The environment is MariaDB 10.6.8, via Amazon RDS. We have all 'admin' rights but not SUPER on AWS databases.
I have a view in an application that has it's data stored in a single schema. We use non-root/admin accounts to access that data. I get an error restoring the backup from AWS:
ERROR 1227 (42000) at line 53347: Access denied; you need (at least one of) the SUPER, SET USER privilege(s) for this operation
A logged on user (programatically), not the 'root' / admin account, created a view:
DROP TABLE IF EXISTS `v_approvals`;
DROP VIEW IF EXISTS `v_approvals`;
CREATE VIEW `v_approvals` AS WITH url_bases(`reference_type`,`base_url`) AS ...
However, when that SQL file is backed up, and the CI/CD routines try to restore it, we get the above error.
This is what is actually in the backup file:
/*!50001 DROP TABLE IF EXISTS `v_approvals`*/;
/*!50001 DROP VIEW IF EXISTS `v_approvals`*/;
...
/*!50001 CREATE ALGORITHM=UNDEFINED */
/*!50013 DEFINER=`our_app`@`172.15.3.81` SQL SECURITY DEFINER */
/*!50001 VIEW `v_approvals` AS with url_bases(`reference_type`,`base_url`)

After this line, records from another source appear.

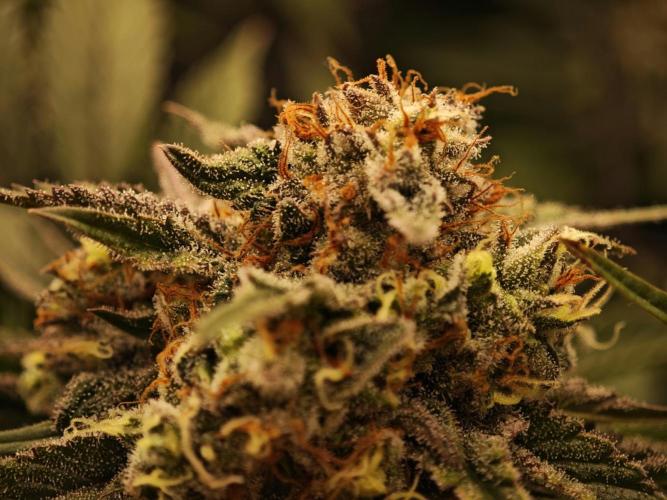 Barneys Farm-- Mendo Breath. Week 18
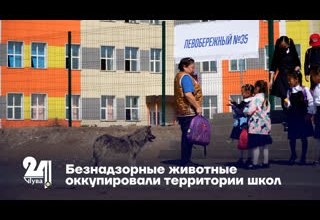 Безнадзорные животные оккупировали территории школ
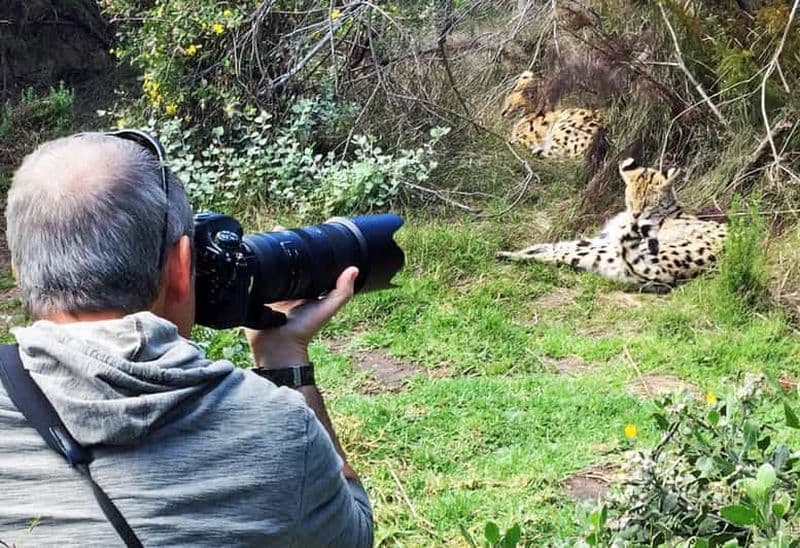 Plettenberg Bay : Visite guidée privée pour la photographie de la faune et de la flore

The IP that goes with the user is the production IP. We use the same user, but obviously a different IP on the other instances.

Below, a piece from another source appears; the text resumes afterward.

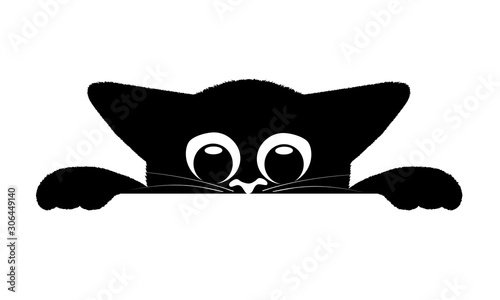 playful kitten hiding and peeping .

So the RDS error makes sense, you'd need SUPER to create that view definition, but it's not needed! We just need a view in the same schema as all of the tables it references.

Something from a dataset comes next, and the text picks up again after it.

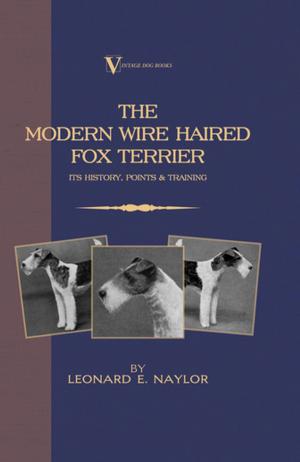 Cover of the book The Modern Wire Haired Fox Terrier - Its History, Points & Training (A Vintage Dog Books Breed Classic) by J. Parish Stelle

Why does the mysqldump backup insert the DEFINER row? How do I get the SQL backup to NOT do that?
The backup command is:
mysqldump -h rdshost.casdfas.us-west-1.rds.amazonaws.com \
-u replicator --password=${{ secrets.PROD_DB_REPLICATOR_PW }} \
--databases our_app > PROD_2_SANDBOX.sql
Where "replicator" is an account that has read, but no create authority on the production database.
All tables and data are exported/created fine. This app doesn't use views, so this is the first time we've stumbled on the issue.
I could use sed/awk to remove that line, but it seems weird to have to pre-process a backup file.